Bubbled to the Surface: The Piece of Creativity We Call Ideas

by Trish on September 24, 2012

in College of Life, Create Now! Revolution, Creativity Workshop, Reframe Your Possibilities, SPACE, writing

 

How’s my creativity going these days? How am I finding ideas these days?

After another 8-mile bike ride yesterday, my brain shut off. Perhaps it was the zen of the bike ride, the warmth of a September sunshine, the chatting with friends as we biked along, the escapade of a friend’s flat bike tire, the nourishment of a Quiznos sub halfway through for lunch, sitting outside to eat, watching a small town wake up on a leisurely Sunday morning.

Perhaps it was the flurry of reading a pile of library books before they were due, accompanying hubby to his new favorite froyo place and watching him eat (I can’t eat froyo because of a dairy allergy) his with much gusto, savoring each bite-sized piece of cheesecake and several maraschino cherries and then having bits of his waffle cone stick in his month-old beard, settling in on the couch to see the Emmy fashions and then being so bored by the abysmal Emmy show that I put it on mute and watch Netflix shows instead, eating dark chocolate until I am exhausted and ready for bed by 8:45.
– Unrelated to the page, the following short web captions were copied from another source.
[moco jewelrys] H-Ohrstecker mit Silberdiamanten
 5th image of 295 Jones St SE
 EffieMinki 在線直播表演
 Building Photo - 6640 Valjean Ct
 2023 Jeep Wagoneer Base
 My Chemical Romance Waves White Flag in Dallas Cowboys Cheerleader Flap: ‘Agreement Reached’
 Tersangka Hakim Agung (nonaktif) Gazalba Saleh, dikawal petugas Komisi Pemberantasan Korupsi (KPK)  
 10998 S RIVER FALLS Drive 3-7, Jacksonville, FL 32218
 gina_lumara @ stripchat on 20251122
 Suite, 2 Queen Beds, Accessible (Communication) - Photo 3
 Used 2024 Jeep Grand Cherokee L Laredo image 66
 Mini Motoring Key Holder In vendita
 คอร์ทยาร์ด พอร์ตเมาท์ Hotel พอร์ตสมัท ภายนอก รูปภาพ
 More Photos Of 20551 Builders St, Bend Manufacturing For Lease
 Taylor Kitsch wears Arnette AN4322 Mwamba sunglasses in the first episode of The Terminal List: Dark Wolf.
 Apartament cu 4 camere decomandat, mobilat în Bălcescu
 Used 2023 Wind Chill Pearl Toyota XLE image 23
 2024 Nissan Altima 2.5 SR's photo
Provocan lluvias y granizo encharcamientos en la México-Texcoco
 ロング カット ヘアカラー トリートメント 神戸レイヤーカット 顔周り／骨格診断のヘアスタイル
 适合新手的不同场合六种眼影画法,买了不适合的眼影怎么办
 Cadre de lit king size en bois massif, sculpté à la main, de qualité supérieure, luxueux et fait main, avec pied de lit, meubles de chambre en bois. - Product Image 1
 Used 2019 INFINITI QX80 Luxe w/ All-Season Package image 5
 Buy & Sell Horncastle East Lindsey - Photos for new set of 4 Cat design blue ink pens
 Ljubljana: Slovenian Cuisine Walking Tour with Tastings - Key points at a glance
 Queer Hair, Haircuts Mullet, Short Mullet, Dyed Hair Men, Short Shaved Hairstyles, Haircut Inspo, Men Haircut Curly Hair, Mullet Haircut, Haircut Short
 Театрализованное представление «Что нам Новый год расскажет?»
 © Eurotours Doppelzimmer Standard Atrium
And yet out of that flurry of brain-dead activity and exhaustion I find myself awake this fine Monday morning with a flurry of ideas flowing from my brain through my fingertips and onto my laptop screen.

How does a moment of rest cause so many ideas? Jonathan Fields has been talking about this lately with his excellent post on the Trash and then today, his again excellent post on the Space.

I think this is right on because half of creativity is rest. Half of creativity is the finding of ideas, the opening up of the subconscious mind to new thoughts, ways of thinking, patterns that we haven’t ever seen before. The other half is doing something with said ideas, but we’ll deal with that later.

How do we get to that place, that piece of creativity that brings us ideas?

I think I stopped looking for them consciously. I mean, I thought a lot of things while on the bike ride—how we ride past a Lays production factory and on weekdays you can smell the potato chips being made, how the novel I had just finished reading before the bike ride made me ask questions and how I was not so happy about the ending, how I wished I had rearview mirrors on my cruiser so that when someone came up behind me on the trail, I didn’t about jump out of my skin and almost wreck my bike, how I love a good turkey sandwich with extra mayo.

And then I didn’t put pressure on myself. It was a weekend anyway. I could let all those thoughts simmer. I could just let them be, like they were floating down the river of my mind and I wasn’t going to judge them either way. They were just going to be there and that was it.

I think that’s what worked for me. That’s how ideas come so readily. I have spent time letting my brain shut down, not pushing it too soon after an idea collection happens.

For me, on weekdays, the pressure to answer the email instantly, to stay on social media too much, to retweet, update, like, reply, post a comment on a blog post is JUST TOO MUCH! It doesn’t feel natural for me right now. So I’m not going to do it. I think Martha Beck’s status update this morning on Facebook (yes, I am on Facebook) is right on:

Your first daily priority should be stillness, attention to what you really know and what you really feel.

I have to tune out, get off the computer, go do something (for me, it’s read and write something) and then I find that ideas don’t get plugged up, there’s not the comparison trap that I’m not doing enough. Offline I realize I am doing ENOUGH. That and thumbing through Gabby Bernstein’s new book about the ego and listening to a cd of Mark Epstein talking about being enough. So I guess I’m unplugging from the people that might push me too hard and listening instead to people who made space for their ideas so that they could share with me.